ÇÖZÜM SÜRECİNDE AKTÖRLER GÜVEN TELKİN ETMELİ
Bayram Bozyel
02 Ağustos 2013 Cuma 16:27
Bir süredir PKK çevresi ile hükümet sözcüleri arasında çözüm sürecine ilişkin ‘aşamalar’ etrafında artan bir polemik yaşanıyor. PKK, ‘birinci aşama tamamlandı artık sıra hükümete’ tutumunda ısrar ederken, AKP kanadı ise söz konusu aşamanın tamamlanmadığını iddia ederek bu durumu demokratikleşme konusundaki ayak diretmesine gerekçe olarak kullanmaya çalışıyor.
Söz konusu polemikten anlaşılacak birinci nokta, hükümet ile Öcalan arasında çözüm sürecine ilişkin aşamalara dayalı bir mutabakatın olduğu gerçeğidir. Her iki taraf da zaman zaman aralarında bir pazarlığın olmadığını iddia etseler de, ‘birinci aşama bitti- bitmedi’ etrafında yürüttükleri polemikle ilk iddialarını yalanlamış oluyorlar.

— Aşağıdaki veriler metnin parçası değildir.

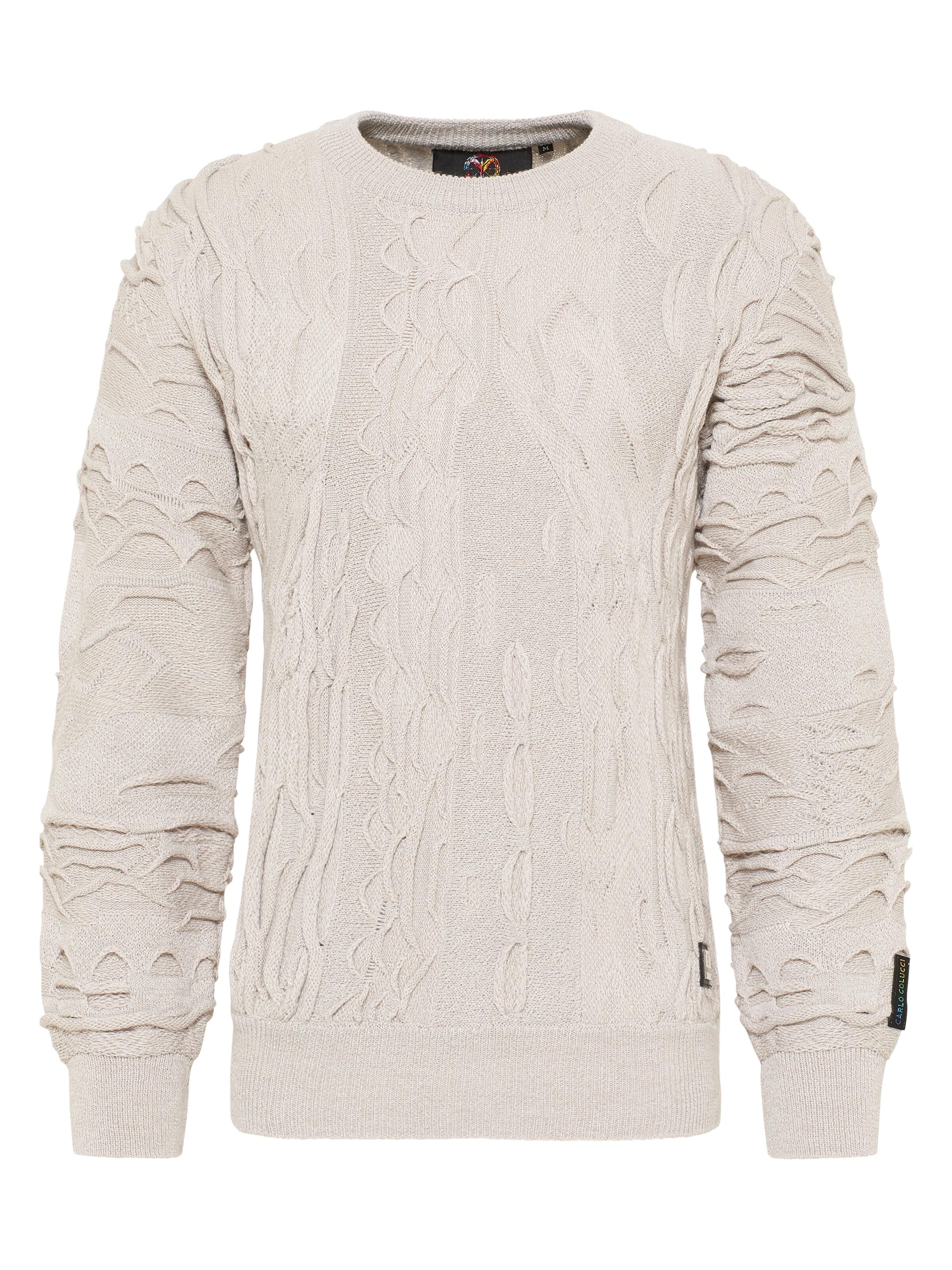 Carlo Colucci Unifarbener Rundhals Pullover - XS Weiß Weiß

O halde yapılması gereken ilk şey, söz konusu mutabakatın içeriğinin ne olup olmadığının açığa kavuşturulması olmalıdır. Bu konunun açıklığa kavuşturulması öncelikle kamuoyuna karşı sorumluluğun gereğidir. Kamuoyundan saklanmış pazarlıklar üzerinden Türkiye’nin geleceğini belirleyecek bir kavgayı sürdürmek en azından ahlaki değil. Öte yandan bu konuda şeffaflık, kamuoyunun sürece katılımını sağlayarak onun sağlıklı yürütülmesi bakımından güvence oluşturur. Kamuoyunun devrede olması aynı zamanda mutabakatın tarafları bakımından bir baskı ve denetim işlevini görür. Açıklık, toplumun hem sürecin kendisine hem de aktörlerine ilişkin doğru tutum almalarını sağlar.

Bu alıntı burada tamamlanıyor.